## Problem to solve
Reproduce all the material verbatim, down to the last line.

## Supplied material
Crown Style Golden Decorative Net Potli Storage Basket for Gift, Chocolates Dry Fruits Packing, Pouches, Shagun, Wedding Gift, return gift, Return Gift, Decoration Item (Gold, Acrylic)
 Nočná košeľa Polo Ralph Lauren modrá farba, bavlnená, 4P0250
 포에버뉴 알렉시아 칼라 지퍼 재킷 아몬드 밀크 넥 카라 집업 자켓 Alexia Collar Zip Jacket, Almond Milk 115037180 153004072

## Response to the task
Crown Style Golden Decorative Net Potli Storage Basket for Gift, Chocolates Dry Fruits Packing, Pouches, Shagun, Wedding Gift, return gift, Return Gift, Decoration Item (Gold, Acrylic)
 Nočná košeľa Polo Ralph Lauren modrá farba, bavlnená, 4P0250
 포에버뉴 알렉시아 칼라 지퍼 재킷 아몬드 밀크 넥 카라 집업 자켓 Alexia Collar Zip Jacket, Almond Milk 115037180 153004072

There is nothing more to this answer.